*Task objective:*
Give back each line of the data exactly as it reads, minus the pictures.

*Supplied data:*
━━━━━━━━━━

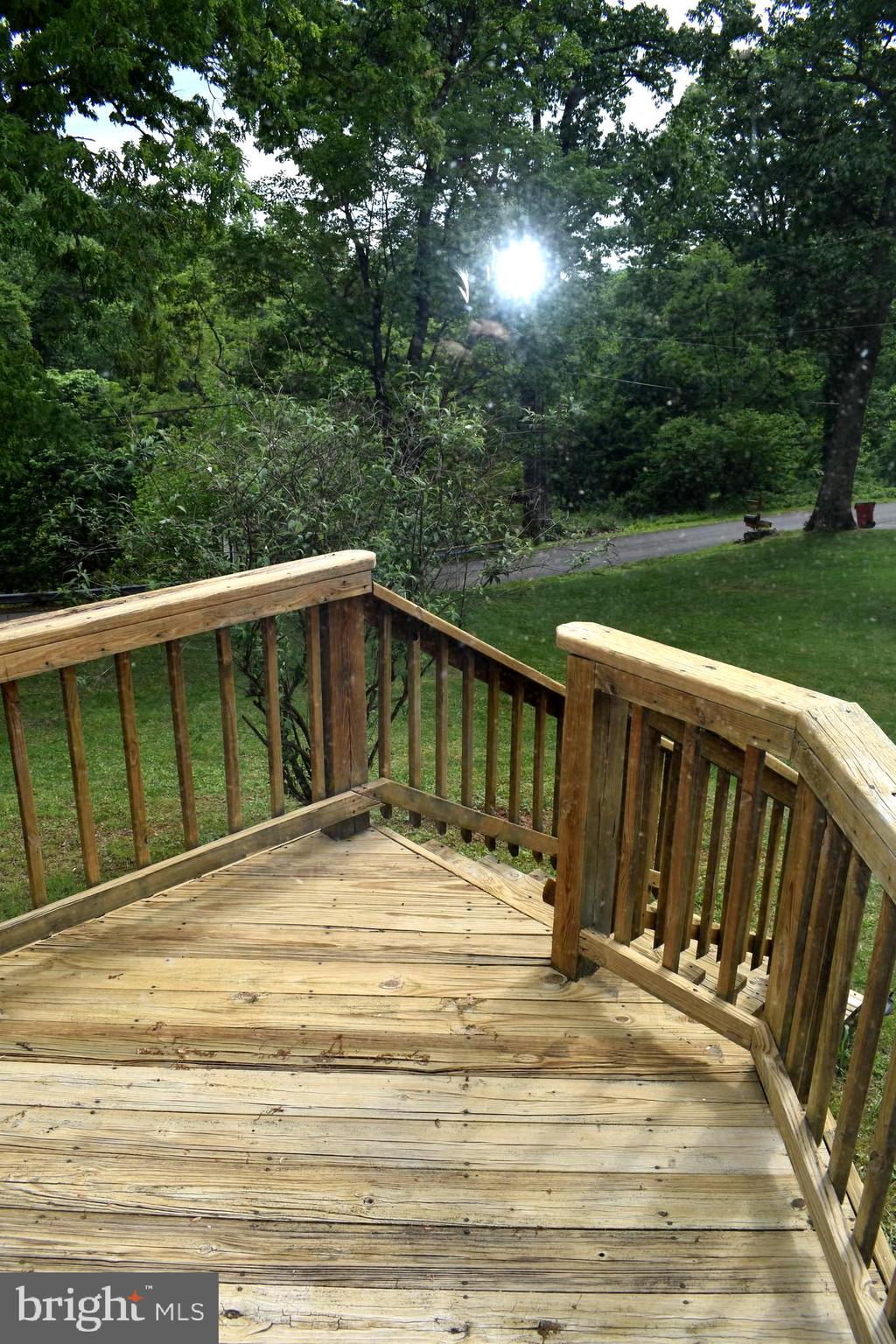 18166 Morgan Pine Road Knoxville, MD 21758 - Photo 18 of 69 Front Entry Deck/Porch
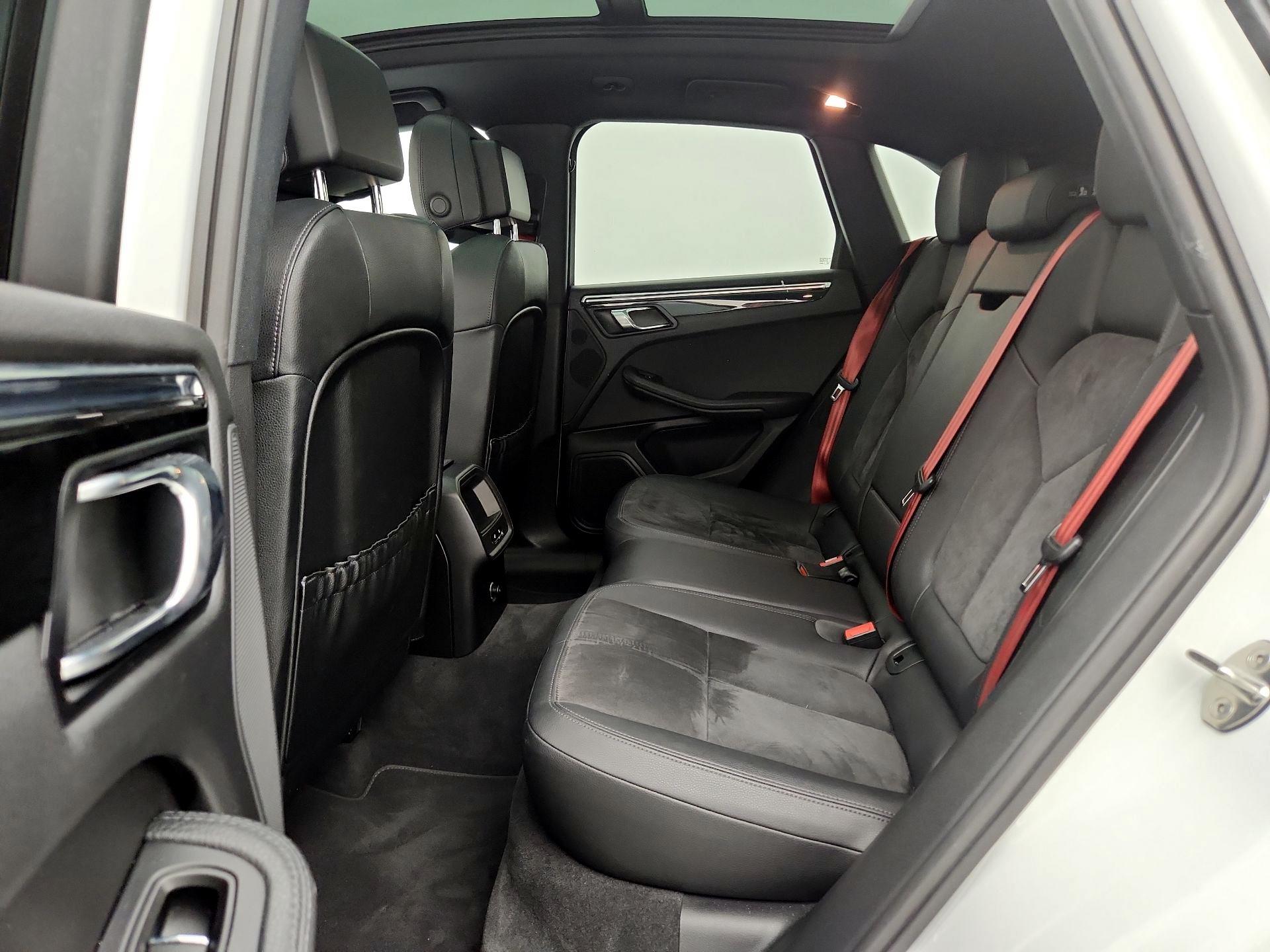 Thumbnail: 2015 Porsche Macan - 18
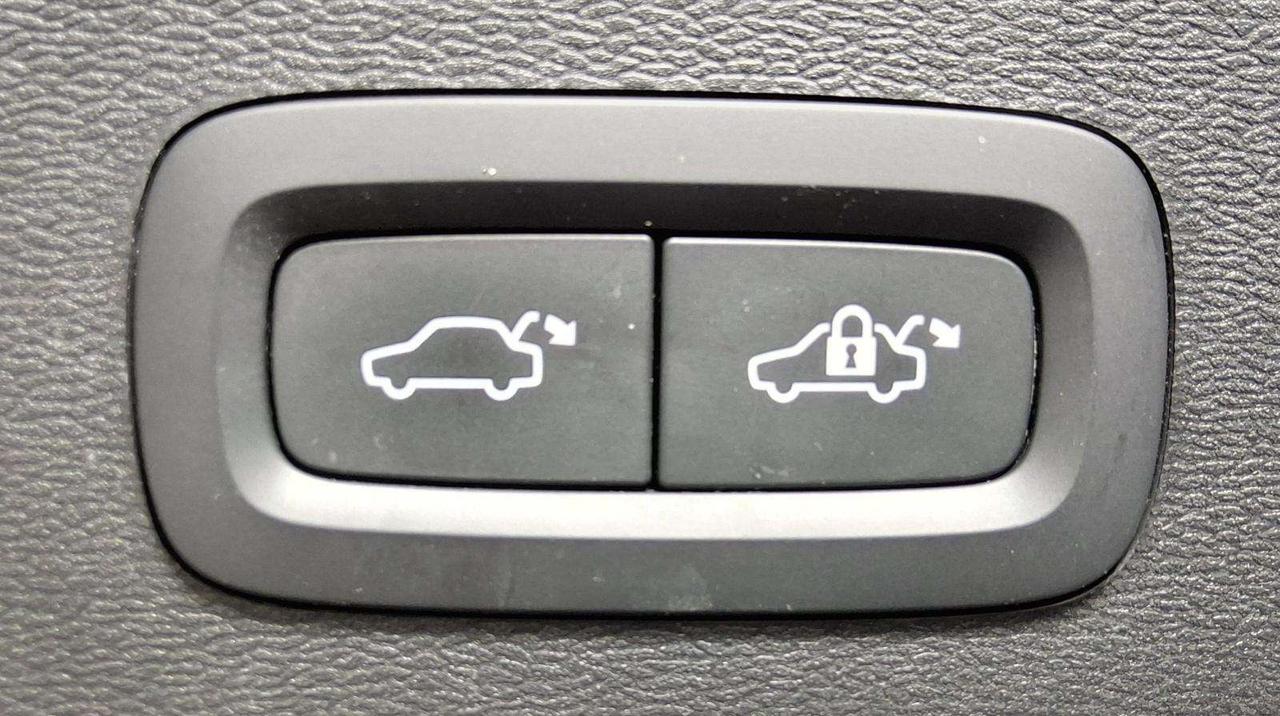 2022 Volvo XC40 R-Design Photo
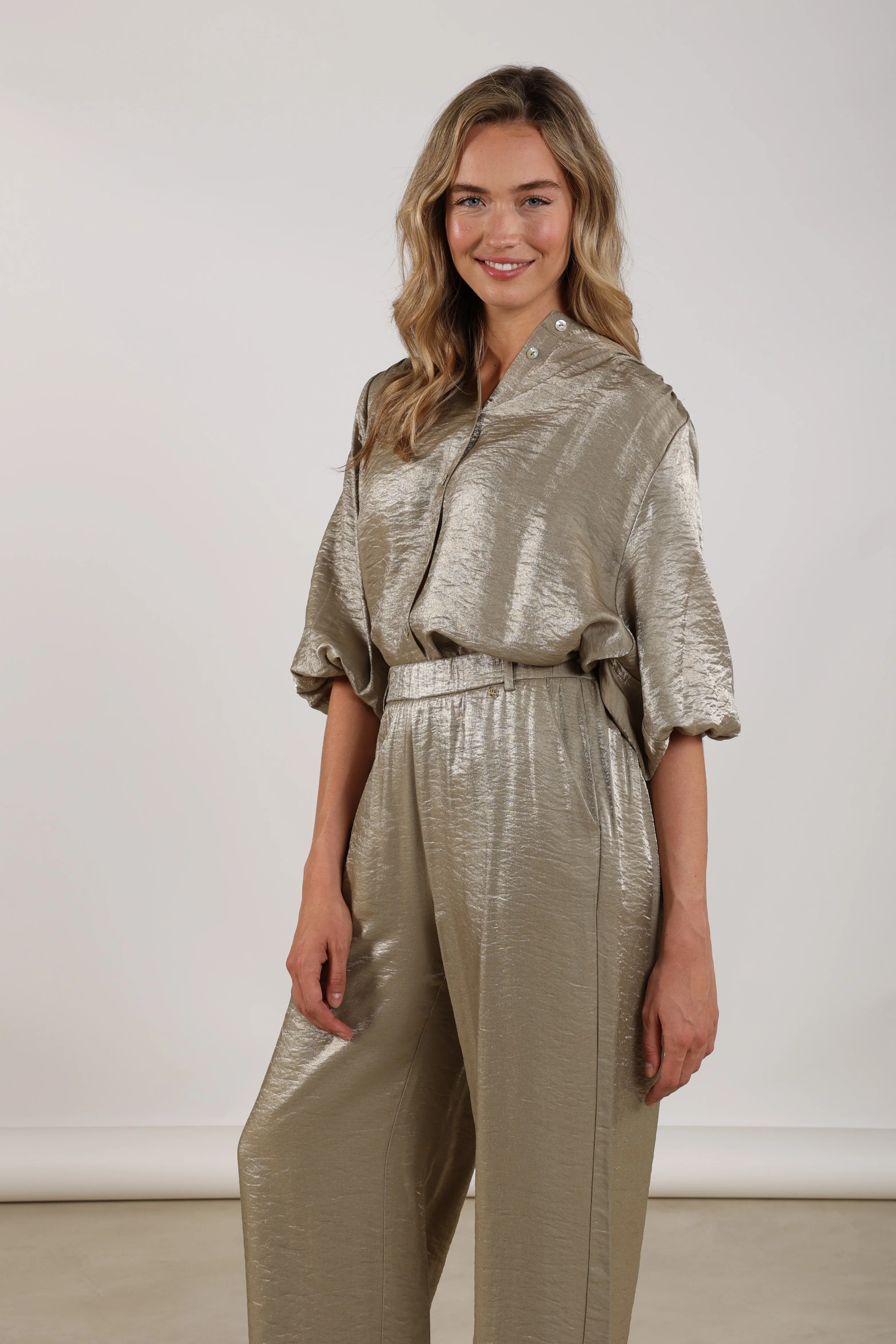 Blouse Lilly Shiny Army NKS02231 - Image 3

━━━━━━━━━━

*Output for this exercise:*
 18166 Morgan Pine Road Knoxville, MD 21758 - Photo 18 of 69 Front Entry Deck/Porch
 Thumbnail: 2015 Porsche Macan - 18
 2022 Volvo XC40 R-Design Photo
 Blouse Lilly Shiny Army NKS02231 - Image 3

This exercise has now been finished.